I wish to express my gratitude to the latest posters who have responded to my question about the use of conjunctions in Chinese.  Your advice has greatly helped me.  No, bearsq, I was not referring to that particular journalist.  Again, fei chang xie xie nimen.


----------



## WiIIaM

Muye's idea has some problems about ancient Chinese, but anyway, 句读,not 逗.
Chinese emphasize 留白 i.e. "leaving blanks(for you to imagine or deduce)". In my study I sadly find that we are talking and writing Chinese more like English, with clear logic, direct meaning, even English sentence order.
Don't fall in love with conjuctions~


----------



## YangMuye

WiIIaM said:


> but anyway, 句读,not 逗.



*讀*：《釋文》徐*音豆*。
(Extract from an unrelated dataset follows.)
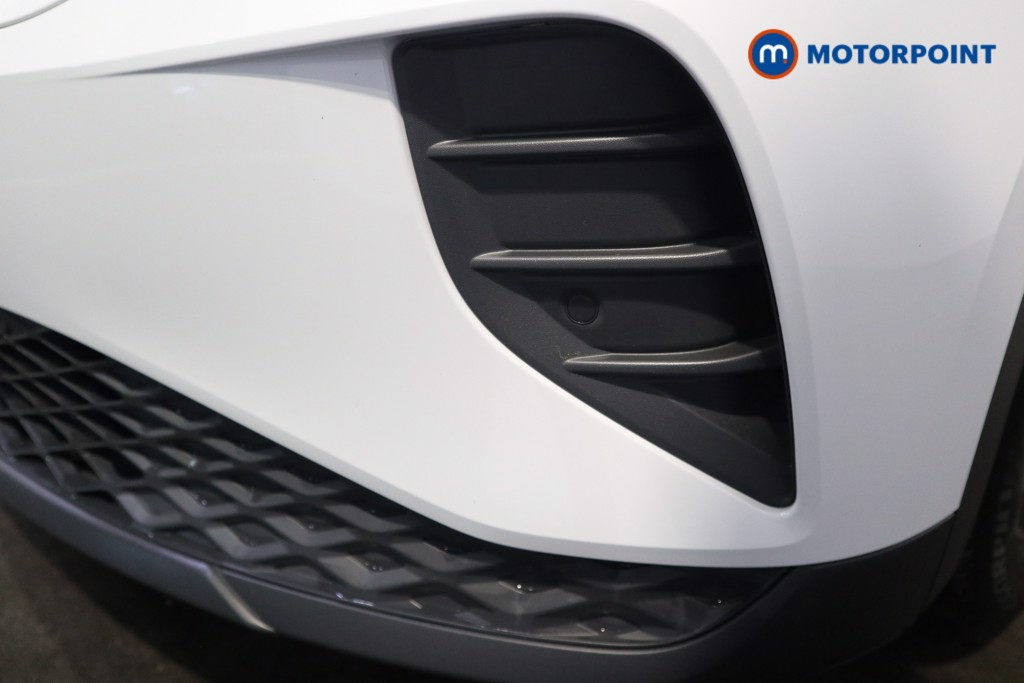 Used Volkswagen ID.4 2024 for sale - 77639696: Photo 47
(the pronunciation is dou)又《增韻》*句讀*，凡經書成文語絕處謂之句。(It's the end of a sentence(“句”) if you don't have further things to say.)語未絕而點分之以便誦詠，謂之讀。(A sentence is not finished, but you can put a mark(逗) so that it's easy to read.)今祕省挍書式：凡句絕，則點於字之旁讀（put a “。” at the end of a sentence），分則微點於字之中閒。（put a “、” when you need a short stop）　又《韻會》通作*投*。(The same as 投)《馬融·長笛賦》察度於*句投*。《註》說文曰：逗，止也。(逗 means a stop)*投與逗古字通，音豆*。(投 and 逗 are the same, are pronounced “豆” )投，句之所止也。(投 is where the sentence ends)○按此則*讀與逗通*（According to this, 讀 逗 are interchangeable）。*逗又與投通*。(so do 逗 and 投).

I think it's easier for foreigner to understand it's meaning when using 逗.
When talking with an Chinese, I will of course use “句讀”, or “句投” and laugh at his ignorance if he can't read it in the right way. 
开個頑笑，沒有冒犯的意思。


----------